Sejmowych urzędników propozycja bardziej zirytowała niż ucieszyła. Bo na rozgrywającego transakcji wychodzi Lubomirski-Lanckoroński 37-latek, o którym mówi się, że jest młodym wilkiem rynku nieruchomości. Na przykład na bazie odzyskanej kamienicy przy ul . Kazimierzowskiej w Warszawie wybudował apartamentowiec i sprzedał mieszkania po 12 tys. zł. za metr. Teraz kamieniczka jest warta ponad 40 mln zł. Dziś Lubomirscy mają takie kamienice, m.in. w Warszawie, Krakowie, Łodzi i Poznaniu, a większość przynosi po kilkaset tys. przychodu i stabilny zysk.
Pomimo wielokrotnych prób porozumienia z Kancelarią Sejmu i wstępnie ustalonej ugody w sprawie, przedstawiciele Kancelarii Sejmu zaprzestali jakiegokolwiek kontaktu i przestali odpowiadać na korespondencję skierowaną w sprawie.
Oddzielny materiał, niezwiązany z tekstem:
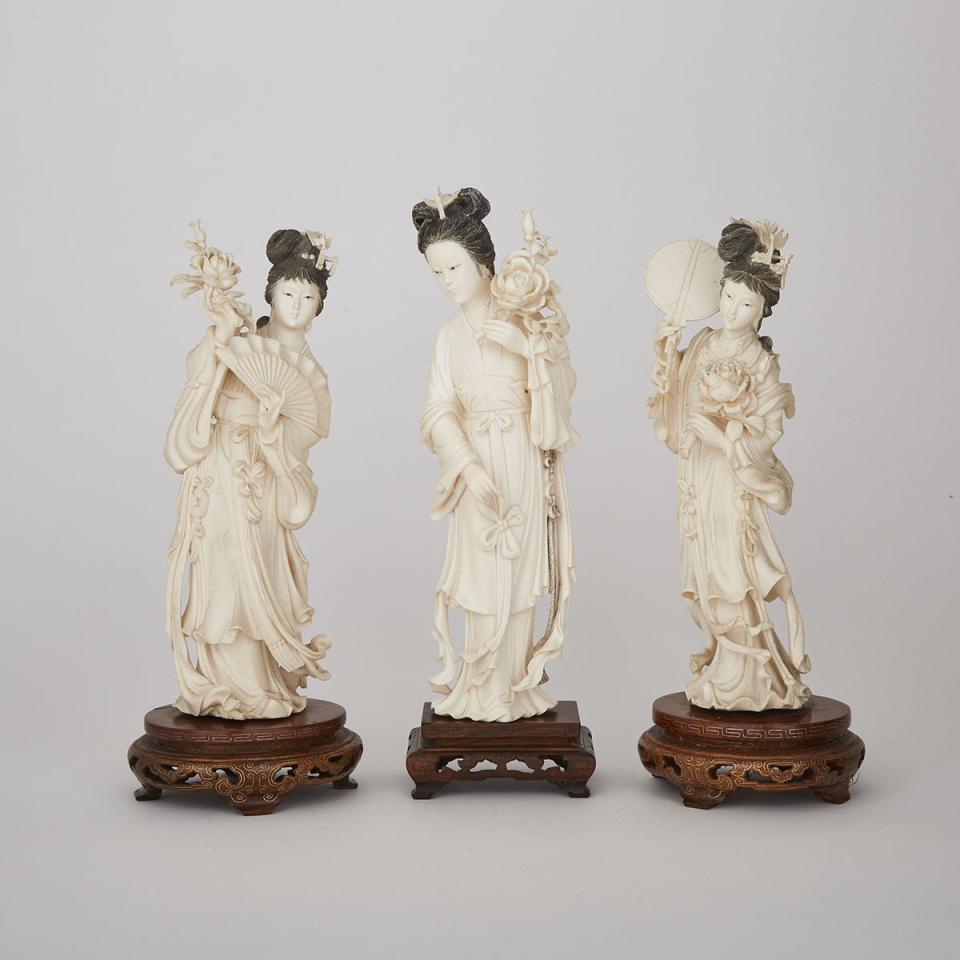 A Group of Three Carved Ivory Ladies, Circa 1940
Przychylne stanowisko Urzędu m.st. Warszawy realizujące postępowanie zwrotowe nieustannie staje się obiektem torpedowania przez Kancelarię Sejmu realizującą inwestycję na tym terenie dla własnej wygody i urzędujących tam posłów.
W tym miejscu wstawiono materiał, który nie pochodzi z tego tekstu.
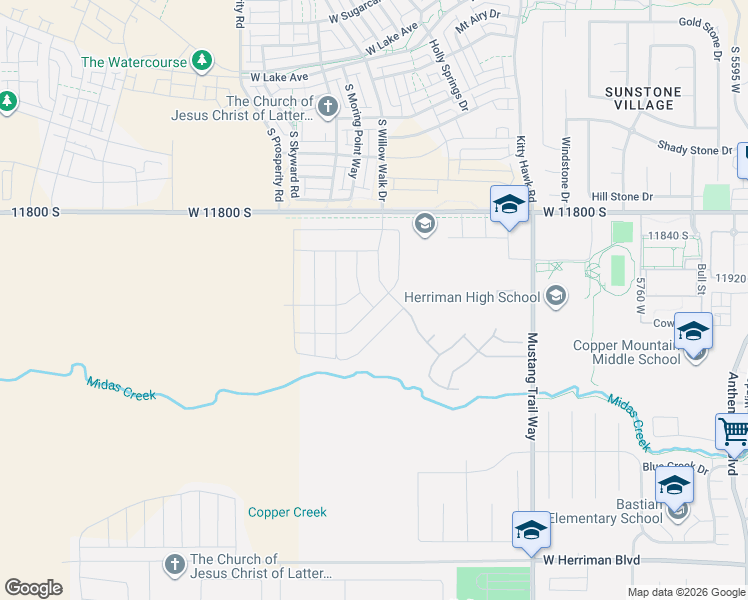 map of restaurants, bars, coffee shops, grocery stores, and more near 12331 South Teton Pass Way in Herriman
Pędzący przez Warszawę w bentleyu cabrio Jan Lubomirski-Lanckoroński jest ucieleśnieniem klasy próżniaczej. A jednak udowodnił, że większość majątku, który był już opisywany w rankingach najbogatszych Polaków zdobył samodzielnie. Gdy arystokratyczna rodzina odzyskała kilkanaście lat temu pierwsze kamienice w Krakowie, to właśnie jemu powierzono nadzór nad majątkiem. Podczas jednego z niedzielnych obiadów Lubomirscy debatowali, co zrobić z zaniedbanym dobrem, zasiedlonym przez lokatorów z kwaterunku. Większość była za szybką sprzedażą i pozbyciem się kłopotu. Tylko Jan, wówczas 18-latek, nalegał, by doprowadzić budynki do dawnej świetności. – Powiedzieli mi: jak chcesz, to się tym zajmij. I tak zostałem rodzinnym ekspertem od nieruchomości – wspomina Lubomirski. Na studiach prowadził bar kanapkowy – stąd przydomek wśród znajomych "książę de buła".